* **WHAT THIS TASK INVOLVES**:
All lines from the opening of the material up to and including the line with "2 Piece All-Weather" should be transcribed exactly, pictures excepted.

* **AVAILABLE DATA**:

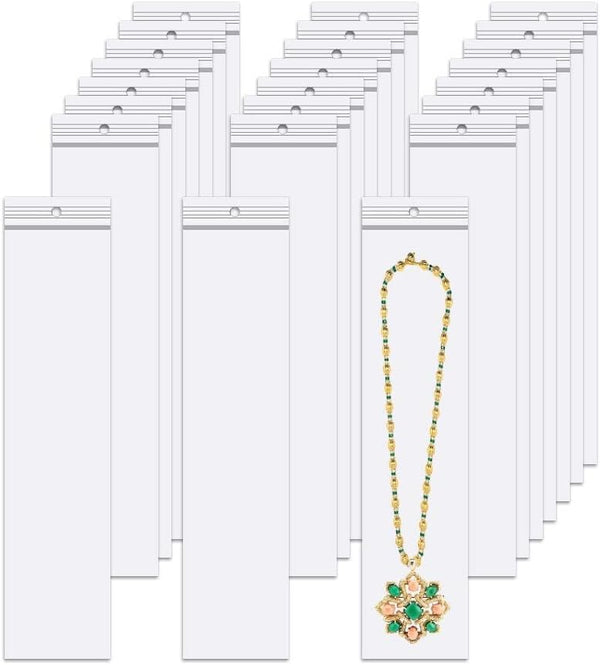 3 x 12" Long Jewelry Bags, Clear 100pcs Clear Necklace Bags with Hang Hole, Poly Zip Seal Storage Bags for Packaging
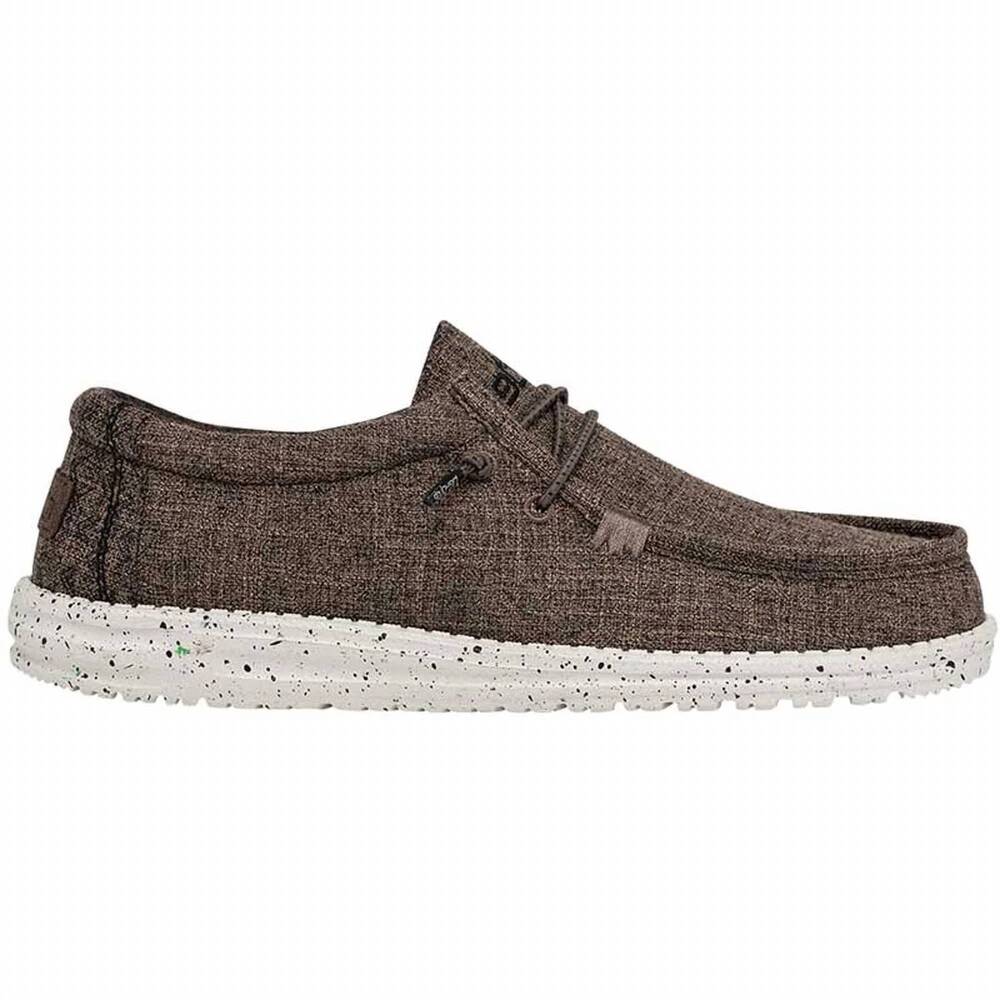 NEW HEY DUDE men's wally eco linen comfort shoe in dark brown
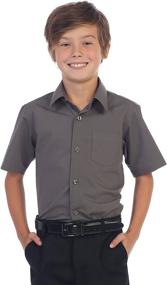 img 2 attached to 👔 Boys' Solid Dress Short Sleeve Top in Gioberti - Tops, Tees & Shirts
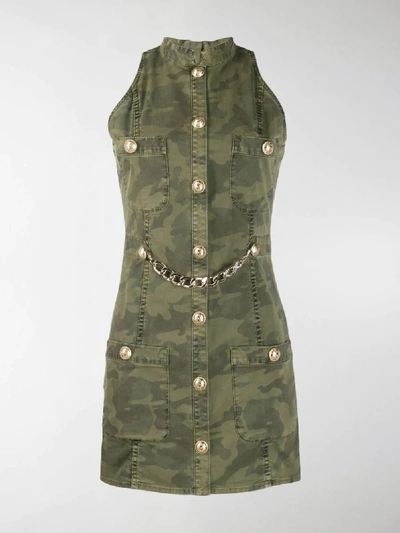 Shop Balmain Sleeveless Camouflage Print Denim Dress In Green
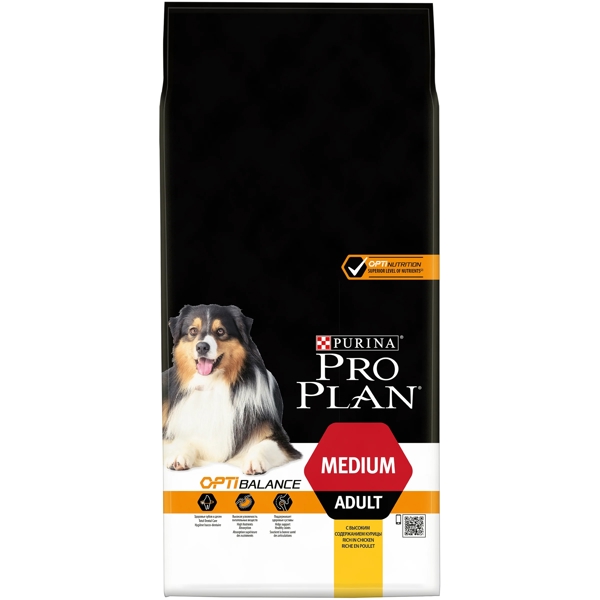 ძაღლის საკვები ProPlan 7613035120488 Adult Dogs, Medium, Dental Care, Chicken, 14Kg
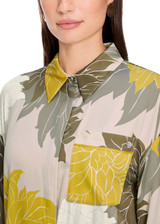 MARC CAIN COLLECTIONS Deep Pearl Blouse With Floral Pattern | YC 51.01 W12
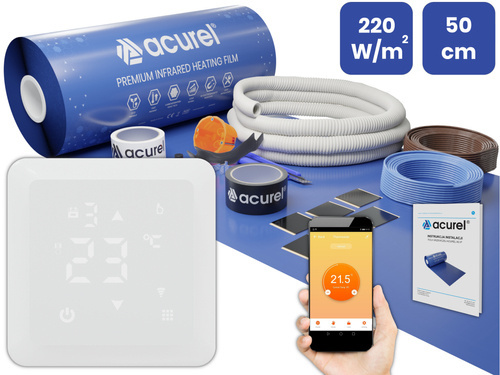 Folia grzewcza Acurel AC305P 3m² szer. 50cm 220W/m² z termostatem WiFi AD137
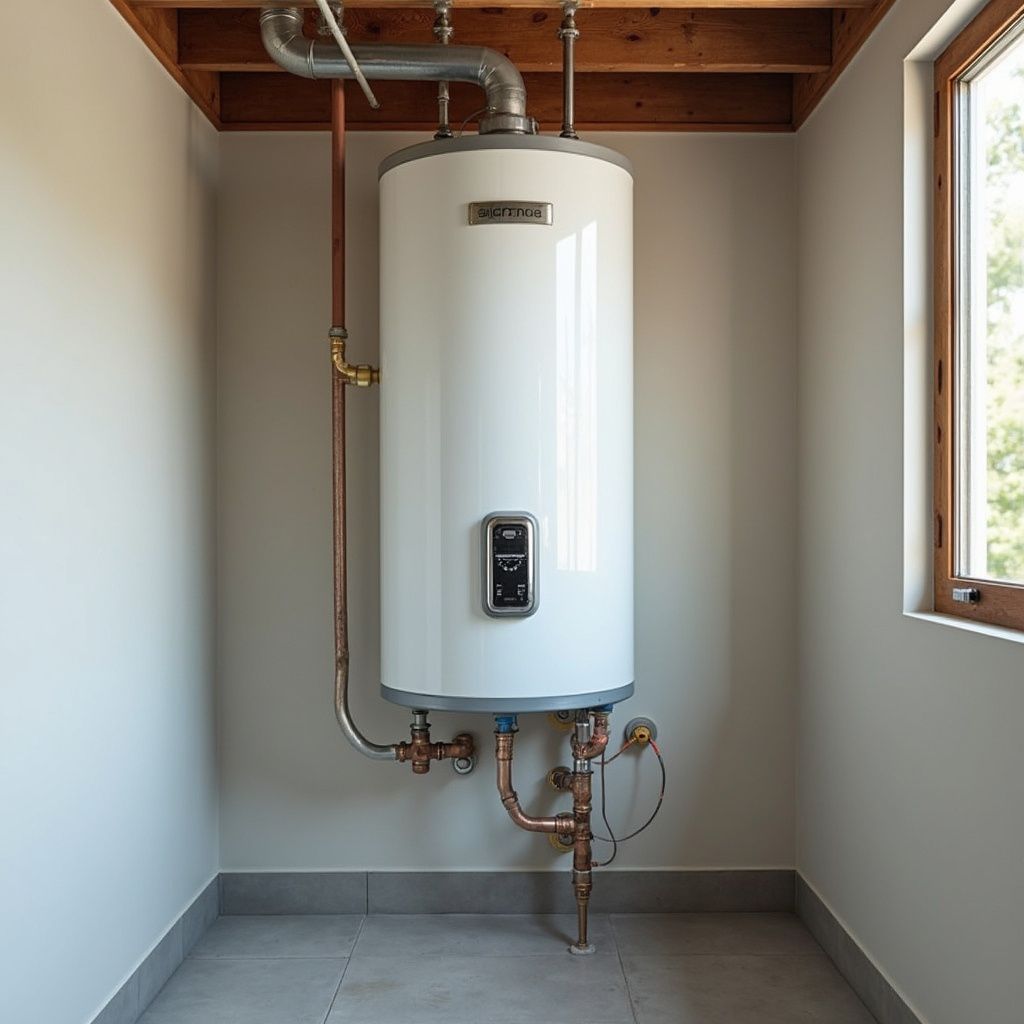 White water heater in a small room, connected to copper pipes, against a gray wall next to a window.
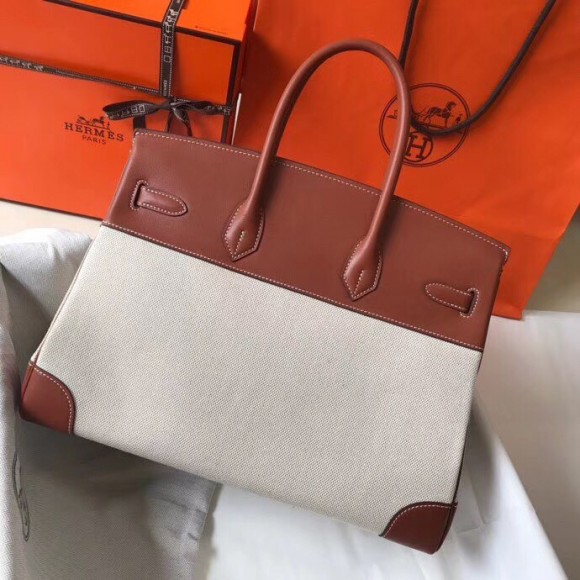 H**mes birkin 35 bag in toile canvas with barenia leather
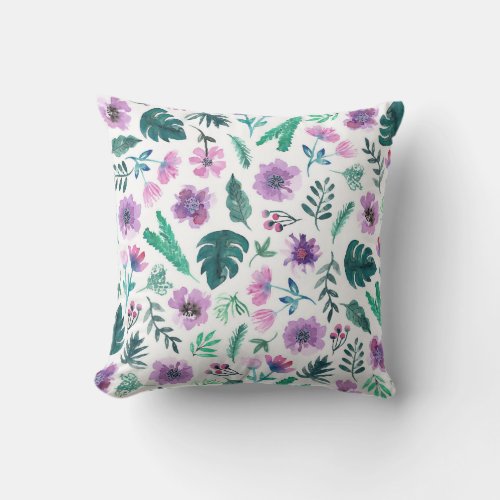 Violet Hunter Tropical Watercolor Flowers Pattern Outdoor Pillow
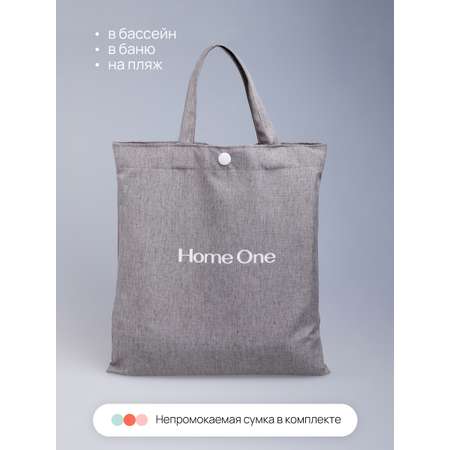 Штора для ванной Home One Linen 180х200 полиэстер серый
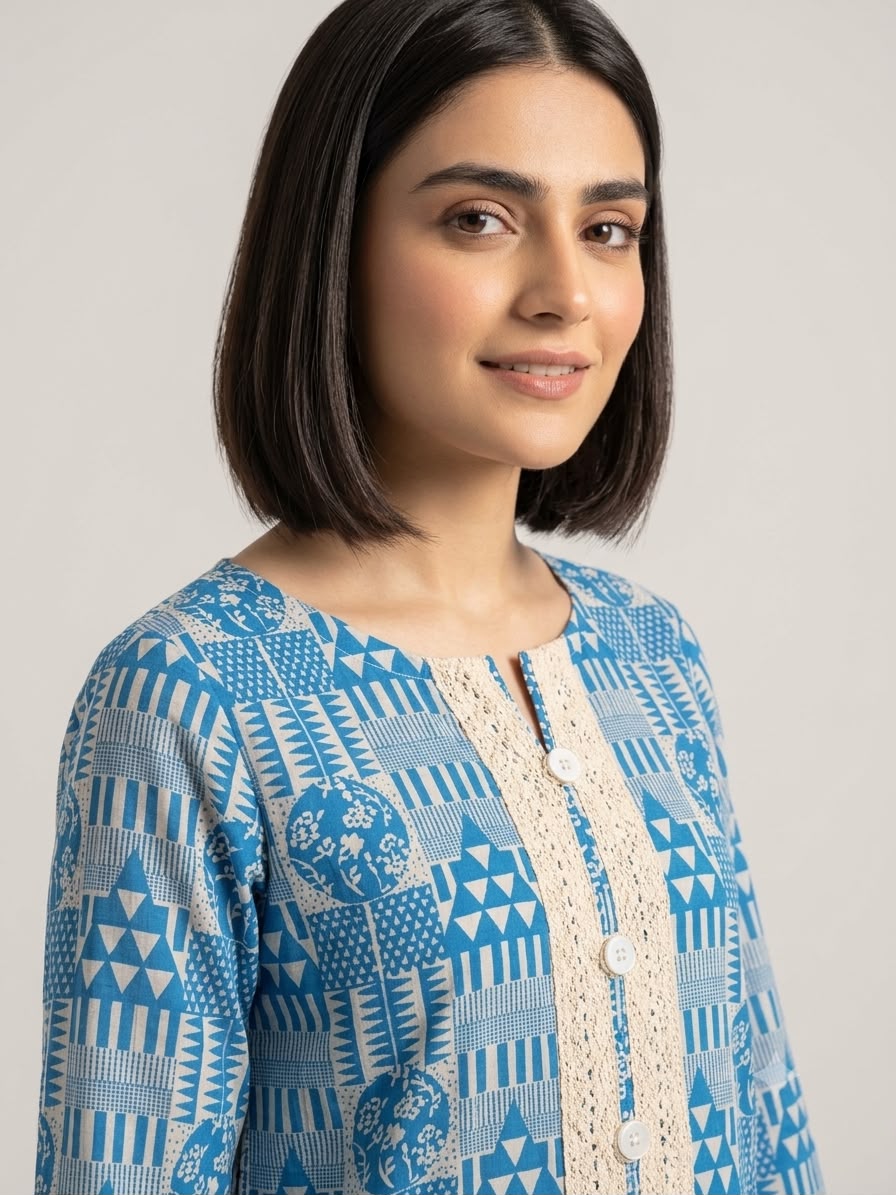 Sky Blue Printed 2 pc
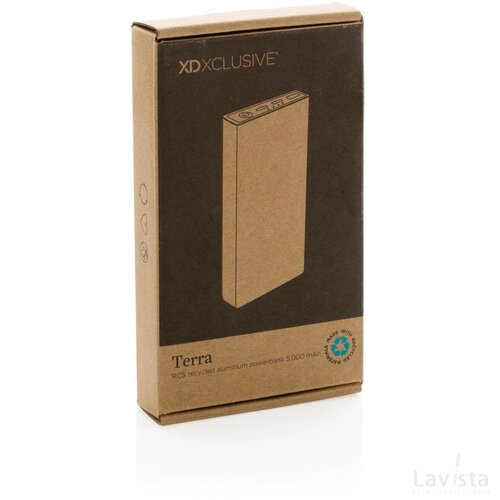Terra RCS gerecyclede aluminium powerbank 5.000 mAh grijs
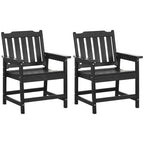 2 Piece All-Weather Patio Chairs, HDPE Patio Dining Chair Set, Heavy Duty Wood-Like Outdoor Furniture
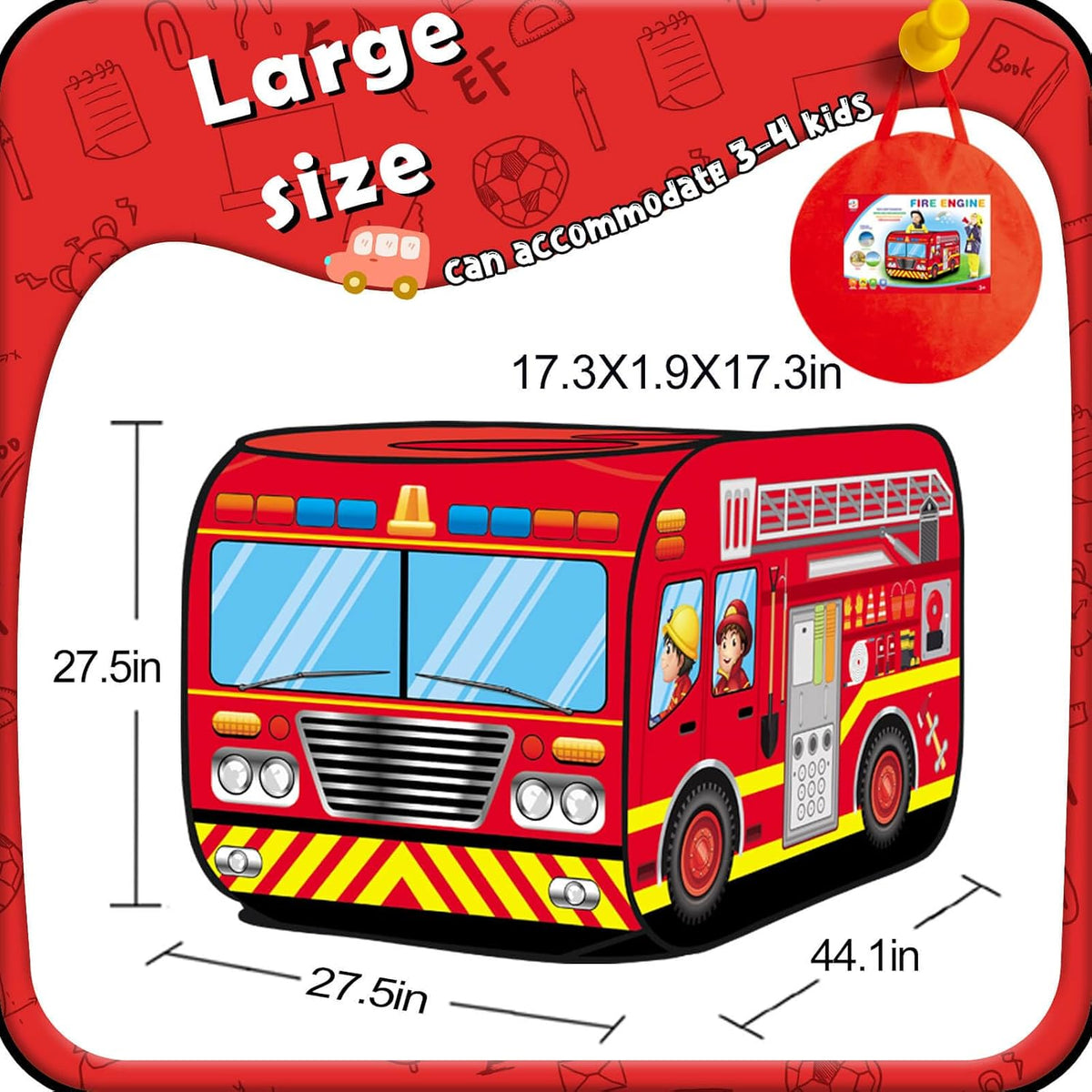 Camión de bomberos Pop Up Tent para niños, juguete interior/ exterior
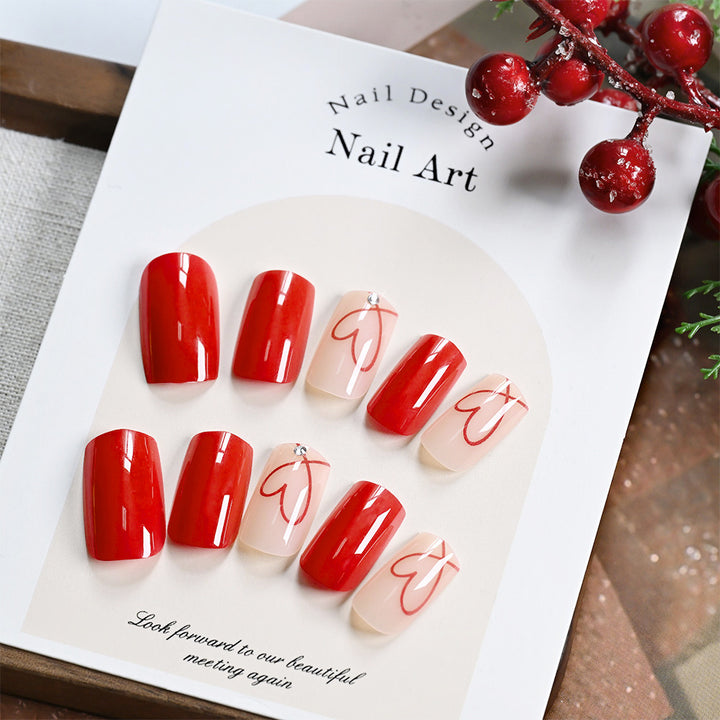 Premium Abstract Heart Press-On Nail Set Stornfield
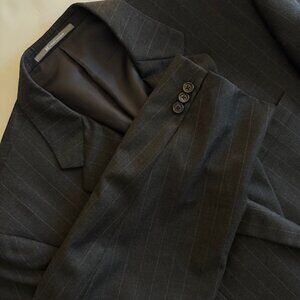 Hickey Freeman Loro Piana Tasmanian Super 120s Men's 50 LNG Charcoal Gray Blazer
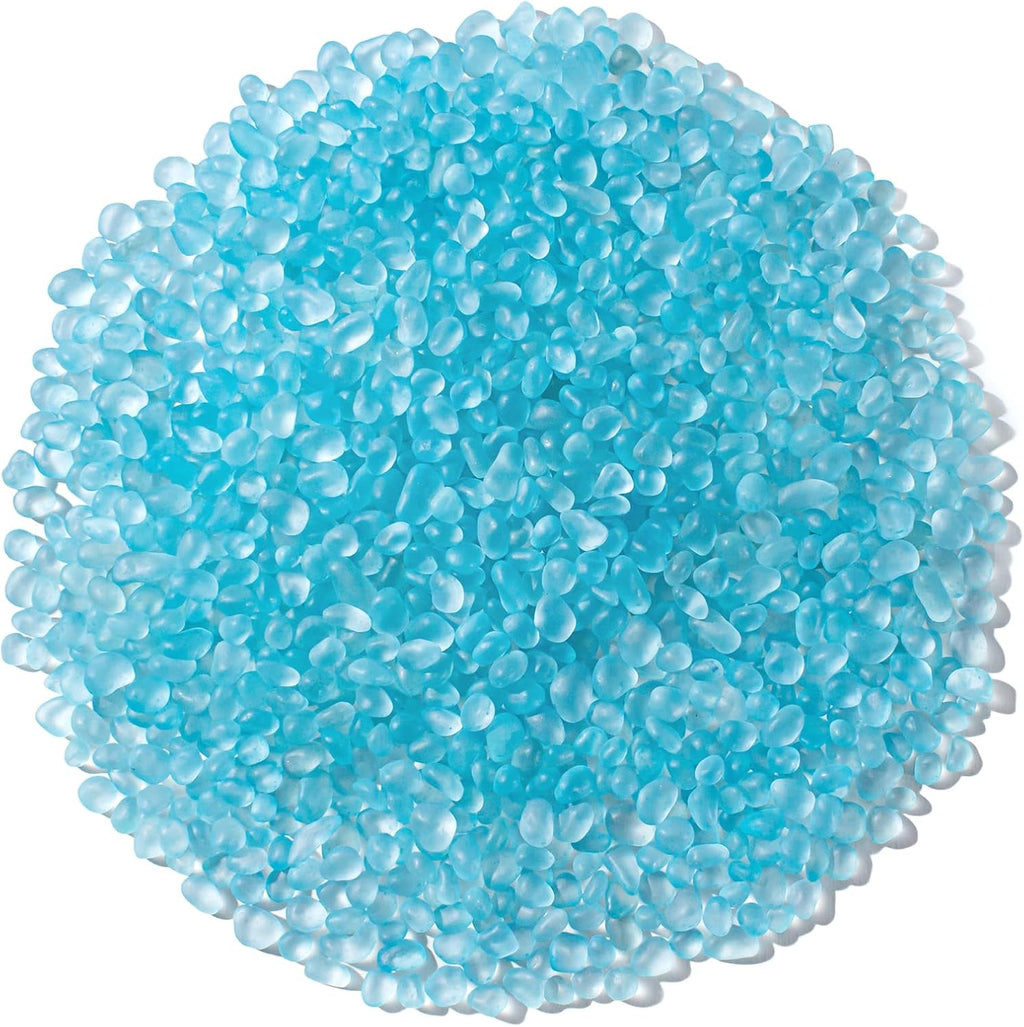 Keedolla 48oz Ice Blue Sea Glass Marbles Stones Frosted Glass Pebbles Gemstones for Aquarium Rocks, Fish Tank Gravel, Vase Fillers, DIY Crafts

* **SOLUTION BELOW**:
 3 x 12" Long Jewelry Bags, Clear 100pcs Clear Necklace Bags with Hang Hole, Poly Zip Seal Storage Bags for Packaging
 NEW HEY DUDE men's wally eco linen comfort shoe in dark brown
 img 2 attached to 👔 Boys' Solid Dress Short Sleeve Top in Gioberti - Tops, Tees & Shirts
 Shop Balmain Sleeveless Camouflage Print Denim Dress In Green
 ძაღლის საკვები ProPlan 7613035120488 Adult Dogs, Medium, Dental Care, Chicken, 14Kg
 MARC CAIN COLLECTIONS Deep Pearl Blouse With Floral Pattern | YC 51.01 W12
 Folia grzewcza Acurel AC305P 3m² szer. 50cm 220W/m² z termostatem WiFi AD137
 White water heater in a small room, connected to copper pipes, against a gray wall next to a window.
 H**mes birkin 35 bag in toile canvas with barenia leather
 Violet Hunter Tropical Watercolor Flowers Pattern Outdoor Pillow
 Штора для ванной Home One Linen 180х200 полиэстер серый
 Sky Blue Printed 2 pc
Terra RCS gerecyclede aluminium powerbank 5.000 mAh grijs
 2 Piece All-Weather Patio Chairs, HDPE Patio Dining Chair Set, Heavy Duty Wood-Like Outdoor Furniture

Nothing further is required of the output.